The Totally-Doable Way I Scored My Designer Wedding Dress For Free

Growing up, I was never one of those girls who salivated over weddings, frilly ball gowns, and the idea of throwing a huge party in which I’d have to forcibly mingle with my parents’ old co-workers who I hadn’t seen in years. The only superficial aspect of weddings that I was even sort of enamored by was looking at engagement rings. They’re beautiful, timeless, sentimental, and an investment that retains its value over time — unlike expensive gowns and fancy bouquets. That’s not to say that I was repulsed by weddings, though.
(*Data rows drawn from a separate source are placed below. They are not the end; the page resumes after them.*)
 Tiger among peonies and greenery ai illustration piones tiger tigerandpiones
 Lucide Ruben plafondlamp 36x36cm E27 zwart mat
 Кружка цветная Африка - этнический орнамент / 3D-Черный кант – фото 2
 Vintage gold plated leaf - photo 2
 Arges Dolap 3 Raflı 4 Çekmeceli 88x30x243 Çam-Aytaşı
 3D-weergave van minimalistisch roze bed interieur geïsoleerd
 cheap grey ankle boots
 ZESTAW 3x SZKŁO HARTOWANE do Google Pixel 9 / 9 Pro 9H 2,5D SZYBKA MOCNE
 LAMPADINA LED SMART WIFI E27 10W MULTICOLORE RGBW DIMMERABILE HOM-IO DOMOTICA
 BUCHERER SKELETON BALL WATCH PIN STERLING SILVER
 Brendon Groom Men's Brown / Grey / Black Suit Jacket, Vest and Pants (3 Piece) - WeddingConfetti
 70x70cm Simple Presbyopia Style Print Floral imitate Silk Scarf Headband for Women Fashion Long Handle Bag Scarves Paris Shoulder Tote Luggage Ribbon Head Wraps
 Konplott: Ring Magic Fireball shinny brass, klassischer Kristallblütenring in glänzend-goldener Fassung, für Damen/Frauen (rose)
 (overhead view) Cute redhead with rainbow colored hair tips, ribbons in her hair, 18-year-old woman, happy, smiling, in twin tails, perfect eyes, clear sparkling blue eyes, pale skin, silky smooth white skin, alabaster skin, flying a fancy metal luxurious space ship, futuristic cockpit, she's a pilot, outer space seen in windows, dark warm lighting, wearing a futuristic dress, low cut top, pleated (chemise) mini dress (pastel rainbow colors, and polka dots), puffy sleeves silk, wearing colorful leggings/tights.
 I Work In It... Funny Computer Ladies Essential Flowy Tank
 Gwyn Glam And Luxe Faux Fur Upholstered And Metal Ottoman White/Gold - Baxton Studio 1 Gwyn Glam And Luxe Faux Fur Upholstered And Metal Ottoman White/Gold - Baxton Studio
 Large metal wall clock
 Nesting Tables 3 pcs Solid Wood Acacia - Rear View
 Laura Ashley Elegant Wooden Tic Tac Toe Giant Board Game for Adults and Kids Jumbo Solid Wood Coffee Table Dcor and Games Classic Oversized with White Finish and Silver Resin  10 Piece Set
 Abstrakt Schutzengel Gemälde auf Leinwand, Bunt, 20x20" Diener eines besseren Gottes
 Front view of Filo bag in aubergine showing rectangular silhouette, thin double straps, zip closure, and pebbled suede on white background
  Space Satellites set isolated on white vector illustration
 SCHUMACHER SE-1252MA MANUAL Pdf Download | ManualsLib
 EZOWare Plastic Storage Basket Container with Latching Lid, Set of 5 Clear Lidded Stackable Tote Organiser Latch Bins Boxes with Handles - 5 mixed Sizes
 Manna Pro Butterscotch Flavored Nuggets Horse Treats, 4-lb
I frequently watched Say Yes To The Dress marathons with my roommates in college, and boy did I have opinions of my own. (Pnina Tornai, you are doing too much.)

When I got engaged myself, I shuddered at the thought of spending so much money on a party. I’m not a cheapskate by any means; I frequently splurge on designer handbags and spontaneous travel. But something about weddings still irked me. Perhaps it was the expectation that you put your guests’ preferences ahead of your own. Perhaps it was the offensively inflated prices for catering, DJs, and photographers as soon as the word “wedding” leaves your lips. Perhaps it was apprehension that my love of luxury would overtake the rational part of me that knows that being needlessly frivolous isn’t pragmatic. Perhaps (and most likely) it was all of these things and then some. I looked at sample wedding budgets, talked with my partner about what kind of wedding we had in mind, and buckled down to throw a great wedding without spending way too much money.

After booking our venue, settling on the menu, and deciding on a videographer and photographer, it was time to pick out The Dress. Admittedly, I originally went dress shopping just to please my aunt and grandmother who were in town for my brother’s graduation and wanted to be involved. Going into it, I had no interest in leaving the boutique with a gown; I was simply going to create some fun memories with family.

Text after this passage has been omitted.